--- Supplied data Enclosed Below ---
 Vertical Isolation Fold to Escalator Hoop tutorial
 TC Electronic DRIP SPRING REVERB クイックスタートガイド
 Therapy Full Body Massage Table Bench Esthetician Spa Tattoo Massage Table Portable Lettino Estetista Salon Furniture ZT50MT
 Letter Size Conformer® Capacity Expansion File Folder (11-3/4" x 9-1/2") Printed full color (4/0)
--- End of Enclosed Supplied data ---
Action item | Return the lines above, from the one containing "Therapy Full Body" to the end, exactly as they stand.

Result below |
 Therapy Full Body Massage Table Bench Esthetician Spa Tattoo Massage Table Portable Lettino Estetista Salon Furniture ZT50MT
 Letter Size Conformer® Capacity Expansion File Folder (11-3/4" x 9-1/2") Printed full color (4/0)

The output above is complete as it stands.